5) Interest rates are still at very low rates
Even though interest rates have been rising, they are still extremely low when compared to the early 2000s. Before the Global Financial Crisis, interest rates were much higher. It was due to the excessive quantitative easing across the globe that caused interest rates to remain below 2 per cent for such an extended period of time. In fact, we have already had private home loan rates lower than the HDB fixed rate of 2.6% for more than a decade already. In some cases, buyers of HDB flats immediately after the Global Financial Crisis may have been better off taking a bank loan to finance their flats as compared to an HDB loan and HDB loan has always been touted as the more financially prudent option as it was deemed to be a subsidised rate from HDB.
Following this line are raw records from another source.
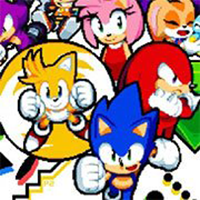 Sonic Chaos Quest Ultimate
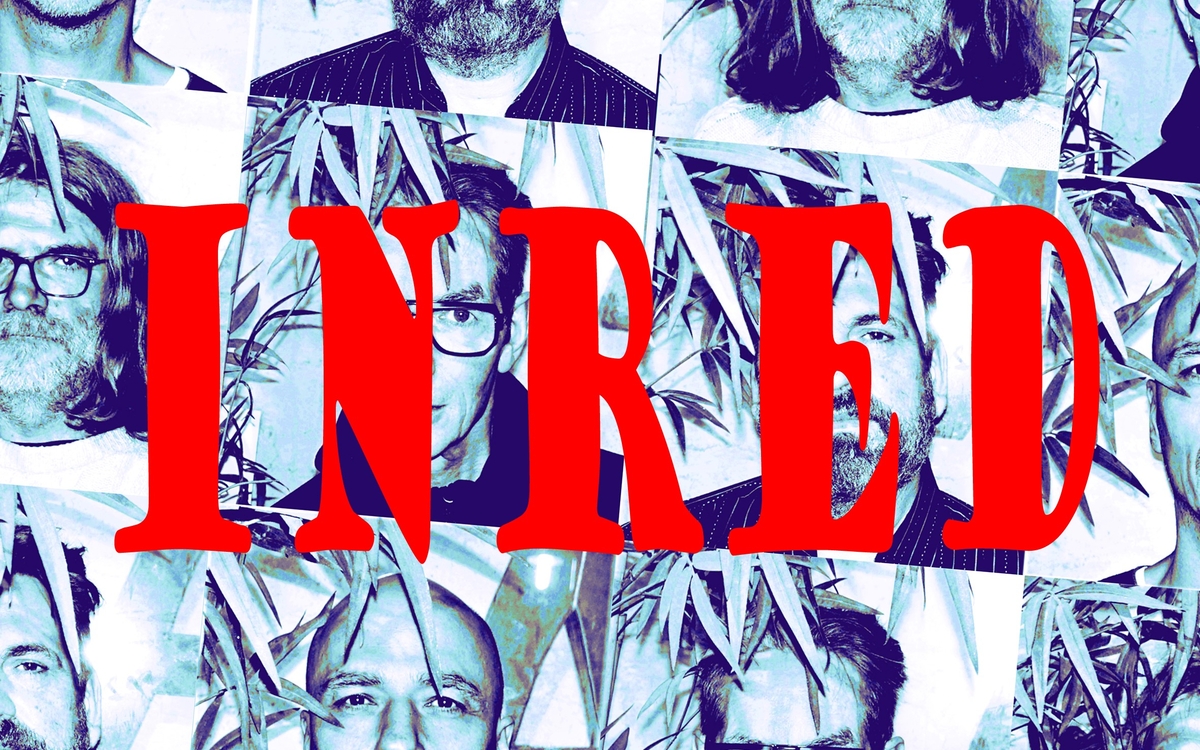 Concert du groupe Inred
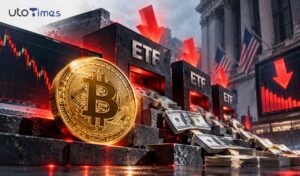 خروج ۶۳۶ میلیون دلار از ETFهای بیت‌کوین؛ اکتبر قرمز شد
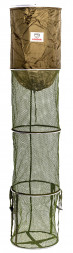 Садок CONDOR спортивный, круглый, 6-ти секционный, длина 3,0 м, чехол
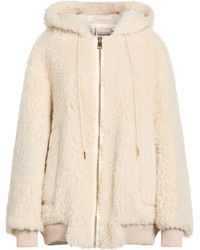 Semicouture - Shearling & Teddy - Lyst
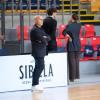 Virtus Roma, Pasqualini: «Questa sera non sarà una serata come le altre»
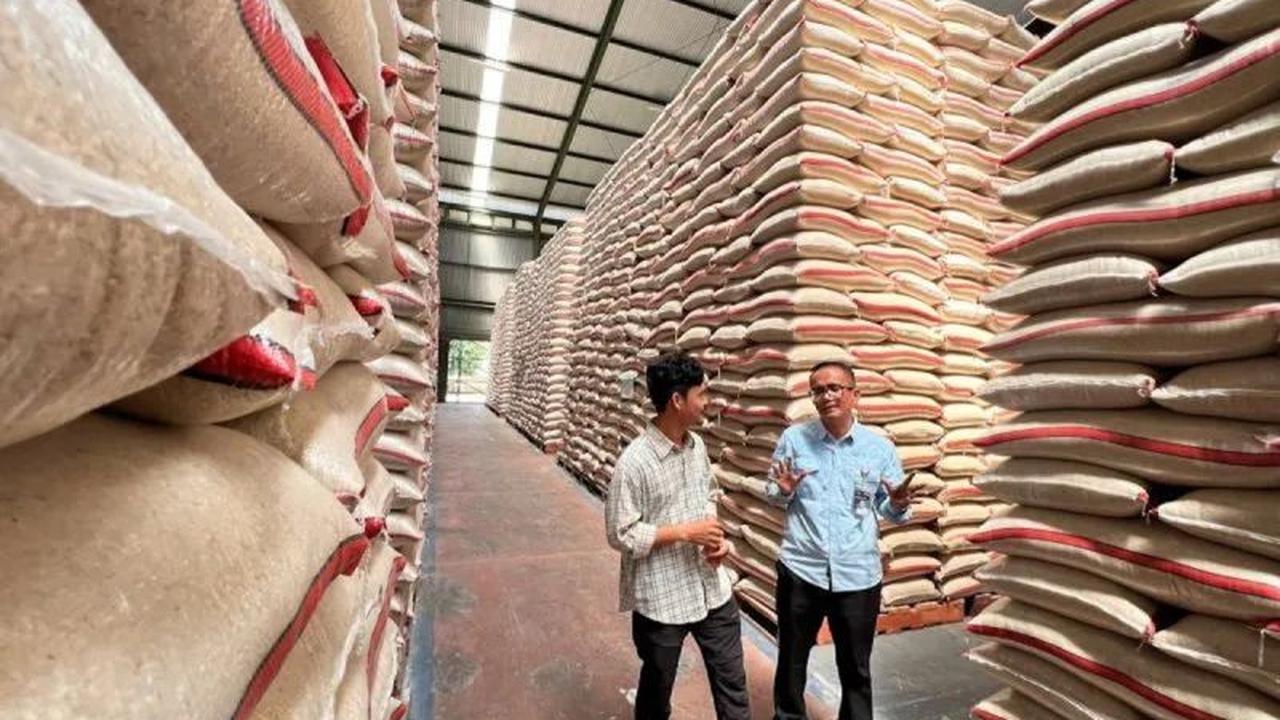 Bulog Prioritaskan Pembangunan 100 Gudang Baru di Wilayah Sulit Akses Pangan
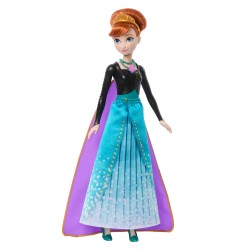 JEWEL REVEAL DISNEY LALKA KSIĘŻNICZKA KRAINA LODU ANNA lalka + akcesoria
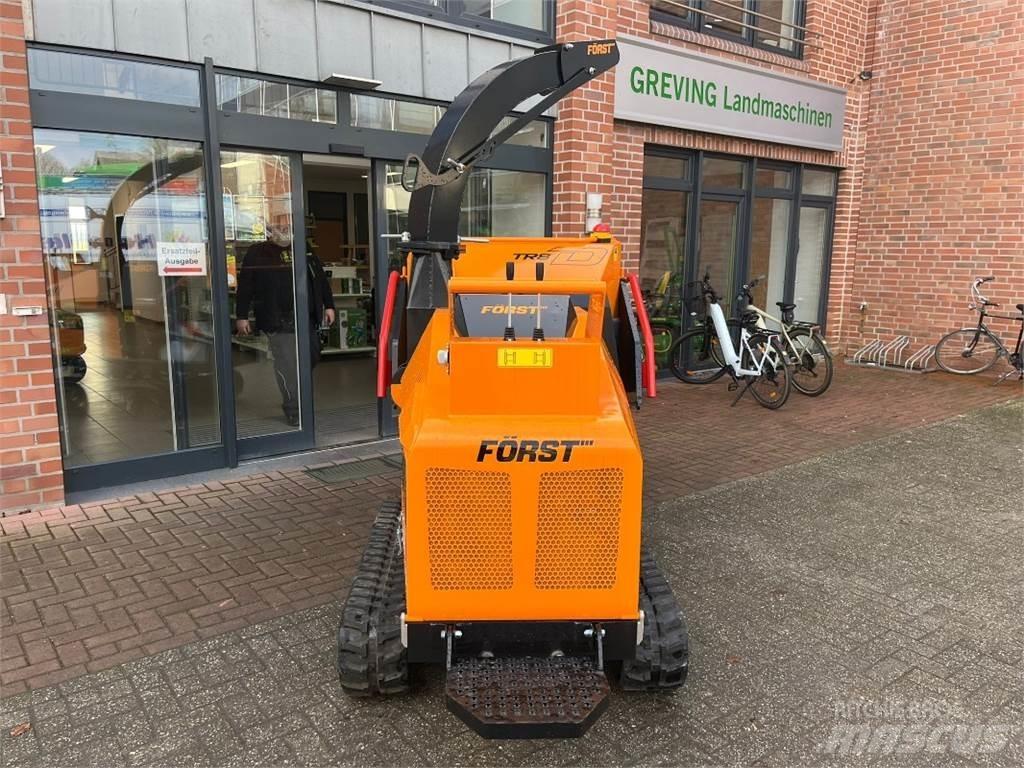  FÖRST TR8D55 自走式飼料採集機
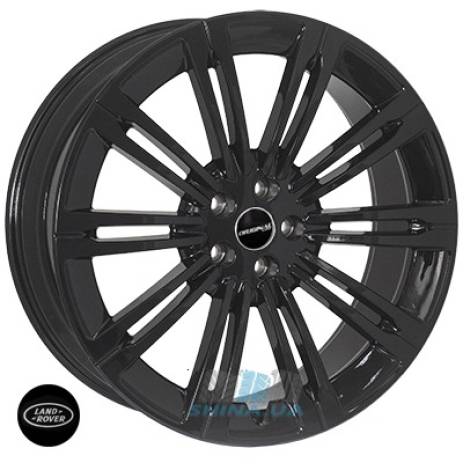Цена на Диски JH RGW9189 R23 W9.5 PCD5x120 ET38 DIA72.6 black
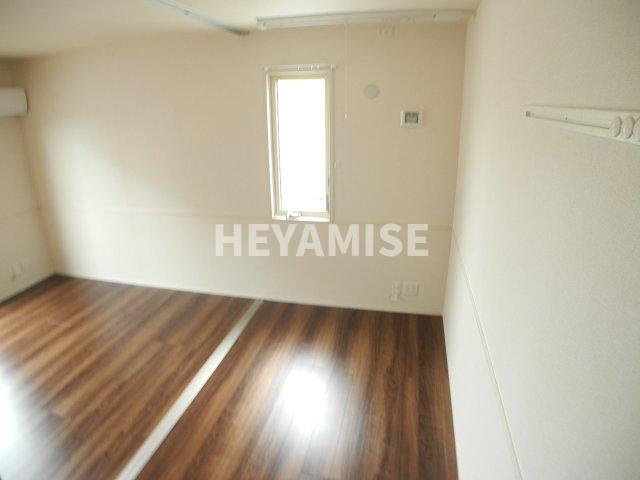 D-room真崎の寝室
6) We are in the midst of an extended bull run
The past slowdowns were in 1997 (Asian Financial Crisis), 2000 (Dot Com Bubble), 2001 (Terrorist attacks on US soil on September 11), 2003 (SARS outbreak), 2008 (Global Financial Crisis). Since 2008, the market has been on an upward trajectory and the stock markets across the world are at record highs. We may be due for a slowdown around the corner. The US is winding up its asset purchases and there is a possibility of a trade war between the two largest economies, the US and China.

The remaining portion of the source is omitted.